Title

Cluster based classification for semantic role labeling

Date of Award

2007

Degree Type

Dissertation

Degree Name

Doctor of Philosophy (PhD)

Department

Electrical Engineering and Computer Science

Advisor(s)

Kishan Mehrotra

Keywords

Classification, Semantic role labeling, Cluster-based classification, Machine learning

Subject Categories

Artificial Intelligence and Robotics | Computer Sciences | Physical Sciences and Mathematics

Abstract

The task of Semantic Role Labeling (SRL) in a language is to determine relations among the entities and the events in text. SRL is a difficult task due to frequently occurring variations in a language. The number of relations that may occur between entities and events is large. To address this task, generally a large number of features are selected and large training and validation sets are required.

A classification task involving a few classes is easier to handle. If the number of classes is large, the performance of any classification algorithm rapidly deteriorates due to cross-talk among the features that can be used to differentiate them. To reduce the effect of this cross-talk, we propose that similar objects should be grouped together and appropriate features are used to distinguish them within a group.

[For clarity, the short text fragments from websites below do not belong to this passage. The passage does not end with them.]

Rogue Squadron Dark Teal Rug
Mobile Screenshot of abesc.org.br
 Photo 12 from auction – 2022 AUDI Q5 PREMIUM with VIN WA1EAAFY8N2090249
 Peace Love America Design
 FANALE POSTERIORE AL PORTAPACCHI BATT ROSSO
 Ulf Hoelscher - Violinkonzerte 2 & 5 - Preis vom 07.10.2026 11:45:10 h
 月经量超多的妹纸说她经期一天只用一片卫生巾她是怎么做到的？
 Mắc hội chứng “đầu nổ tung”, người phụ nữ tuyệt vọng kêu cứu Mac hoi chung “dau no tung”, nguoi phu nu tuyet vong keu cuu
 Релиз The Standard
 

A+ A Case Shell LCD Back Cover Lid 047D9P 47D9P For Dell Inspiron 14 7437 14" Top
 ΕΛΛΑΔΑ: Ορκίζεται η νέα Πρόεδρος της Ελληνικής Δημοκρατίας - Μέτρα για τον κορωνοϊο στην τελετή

In this dissertation, we propose to use clustering to "naturally" partition the training data into several clusters by using a subset of available features. A local classifier for each cluster is constructed using an "optimum subset" of features determined by an automatic feature selection mechanism. The proposed algorithm is called Cluster Based Classification (CBC).

In recent years, it has been proposed that the SRL problem should be solved in two steps, identification step and labeling step. We applied the new classification technique to both steps. This approach gives superior results over the single classifier approaches. An additional benefit of the proposed approach is that it dramatically reduces the testing time for a new example. Thus, our approach can be used in real-time NLP applications.

The proposed cluster based classification approach has also been applied to some other well-known classification problems with very promising results.

Access

Surface provides description only. Full text is available to ProQuest subscribers. Ask your Librarian for assistance.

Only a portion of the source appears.